Selon Julien Gigault, Chercheur CNRS au laboratoire EPOV, auteur de l’étude,  » Les nanoparticules, fer de lance des nanotechnologies, sont souvent étudiées et encensées pour leurs propriétés extraordinaires et la révolution technologique qu’elles représentent. Elles repoussent nos connaissances sur le fonctionnement de la matière et de notre environnement. Néanmoins les nanoparticules peuvent également être produites de manière non-intensionnelle par l’Homme et ses activités dont les rejets plastiques font malheureusement partie. Comme pour tout objet qui se dégrade, notre intuition nous a amenés à se demander si ces débris peuvent également produire des nano-débris. Nous nous sommes alors confrontés au challenge de la détection et de la caractérisation de nanoparticules directement dans le milieu d’étude.

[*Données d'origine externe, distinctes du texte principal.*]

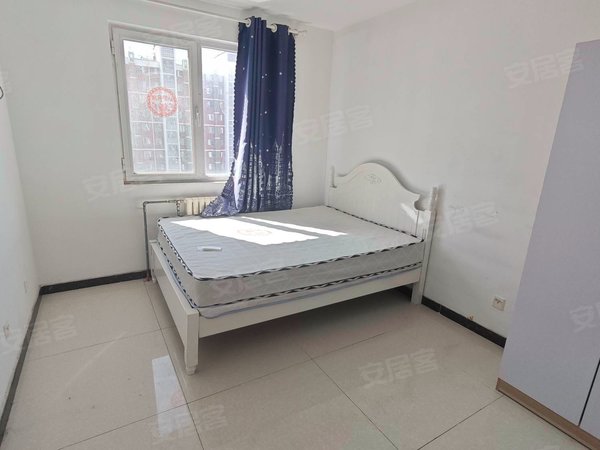 北京大兴瀛海镇瀛海家园和园瀛海家园和园 1室1厅1卫 好楼层 采光好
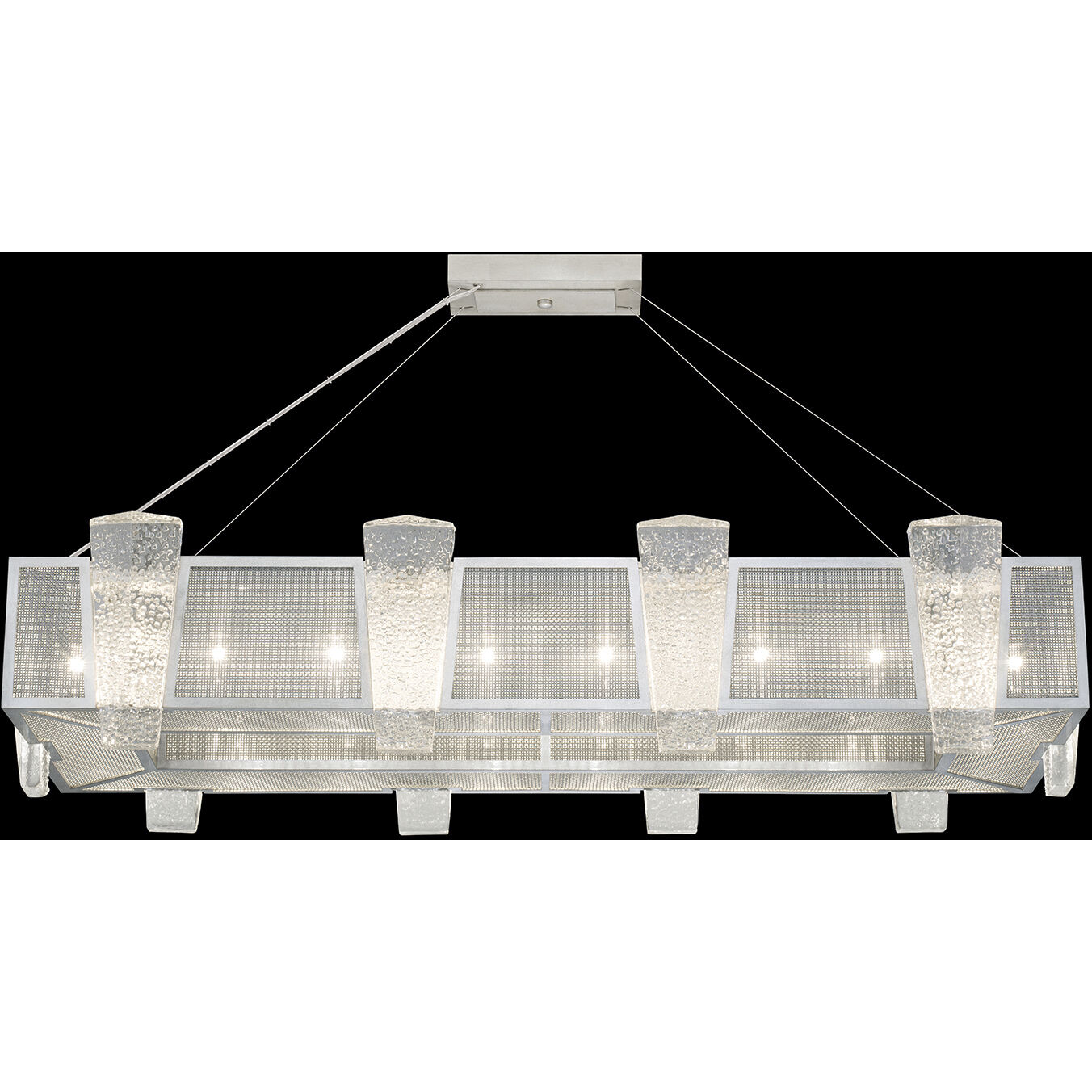 Crownstone Pendant Ceiling Light
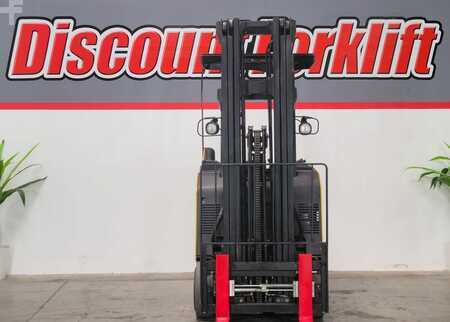 Stackers stand-on 2019  Yale ESC040AD (3)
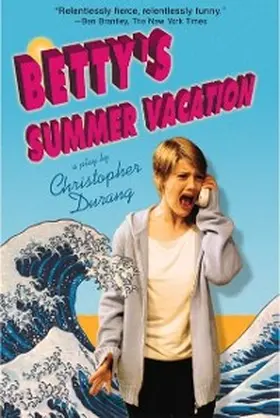 Durang |  Betty's Summer Vacation | eBook | Sack Fachmedien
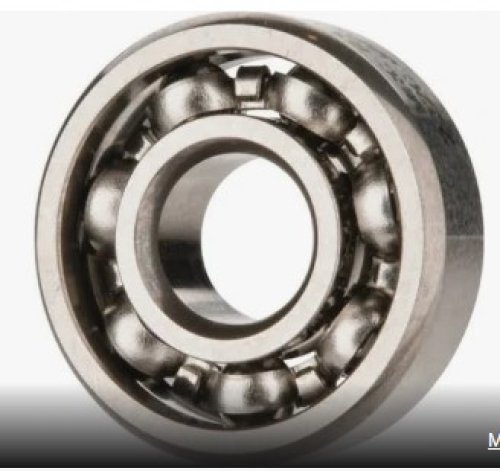 MRC BALL BEARING - DEEP GROOVE RADIAL 47mm OD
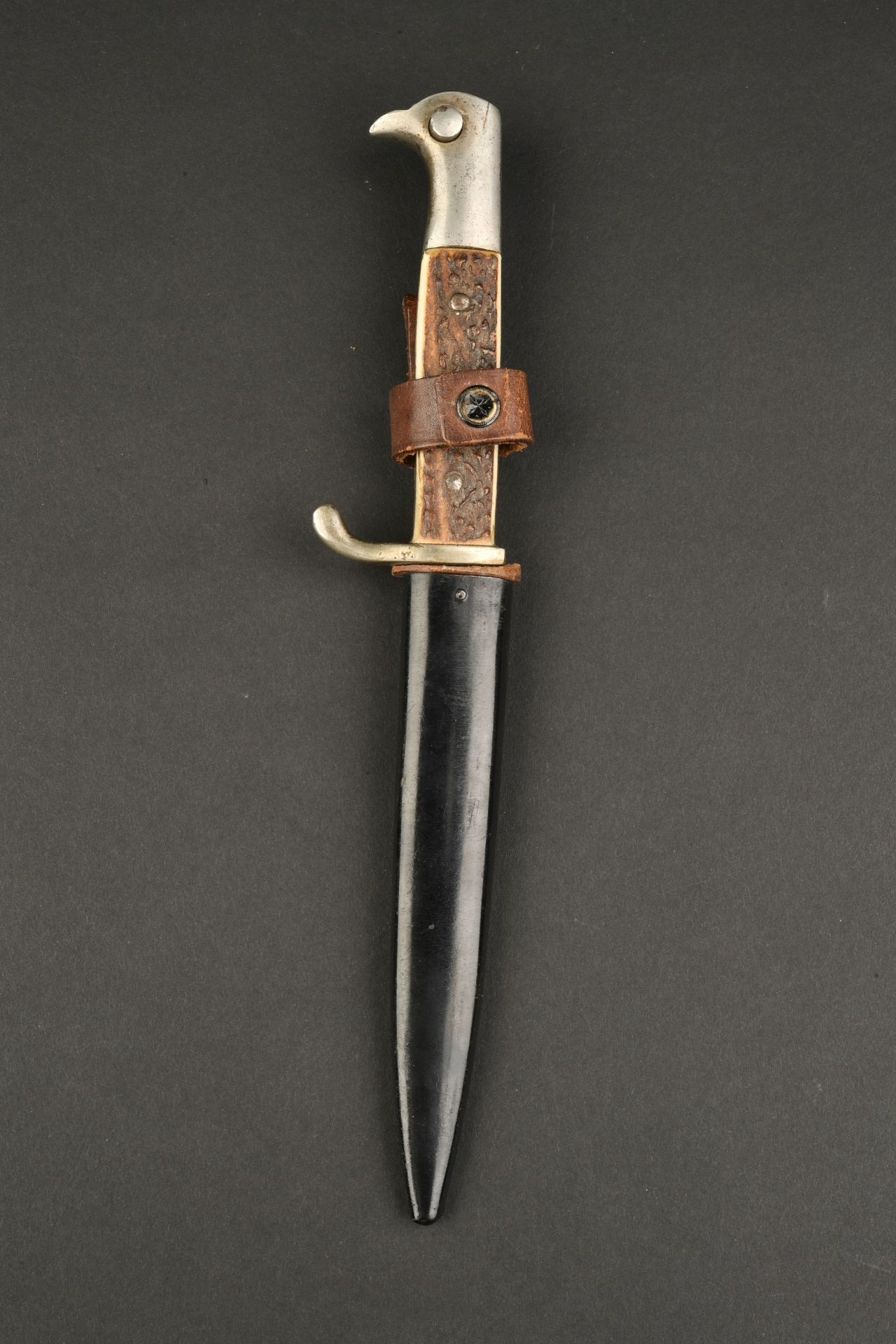 Poignard de tranchee officier. Officer trench dagger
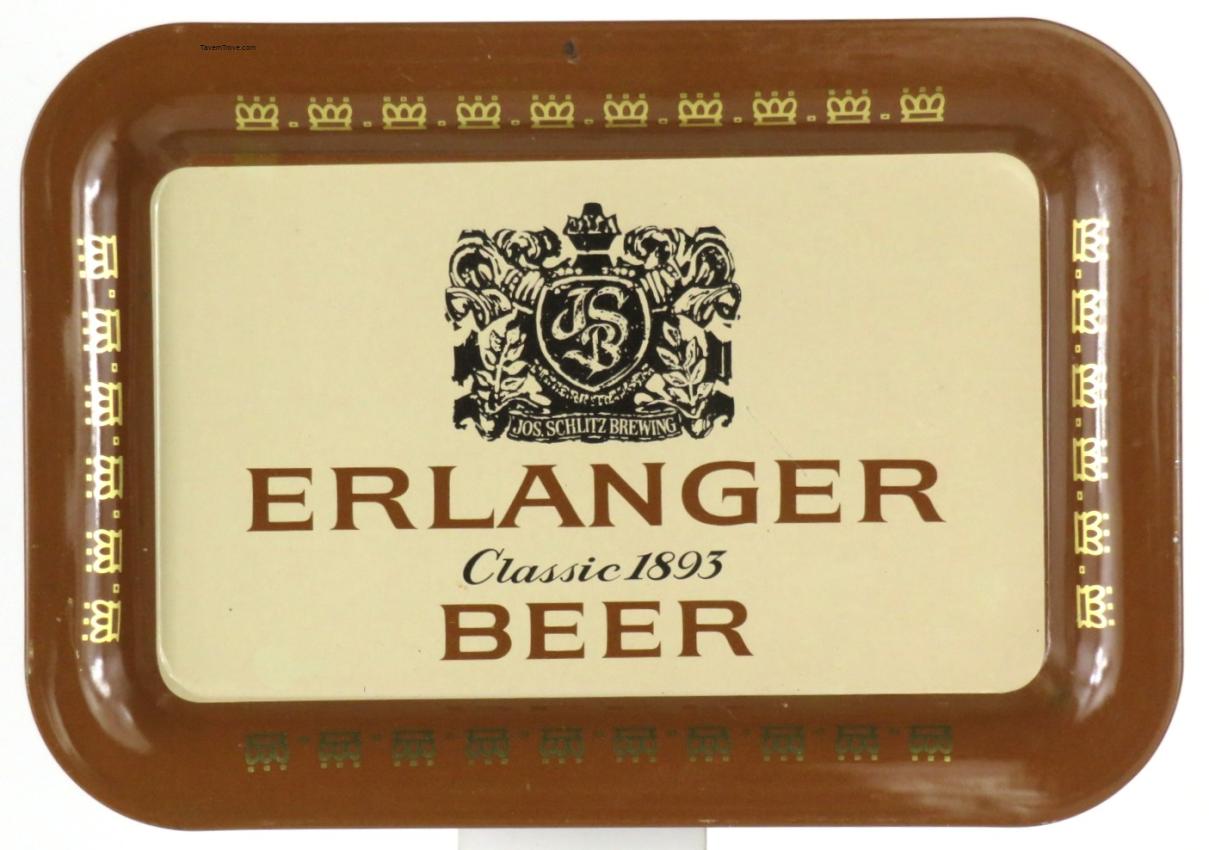 Erlanger Beer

Nous avons donc décidé de relever le défi en développant, en partenariat avec la PME Cordouan Technologies, un réacteur permettant de mettre en évidence l’apparition de nano-plastiques sous rayonnement solaire. »
 
Pour Alexandra Ter Halle, « Il n’avait encore jamais été mis en évidence la présence de nano particules sur le 7e Continent. Mais ces travaux en laboratoire, à partir d’échantillons collectés dans le gyre de l’Atlantique Nord, démontrent que les micro plastiques qui sont déjà très dégradés après un séjour prolongé en mer peuvent produire des particules nanométriques.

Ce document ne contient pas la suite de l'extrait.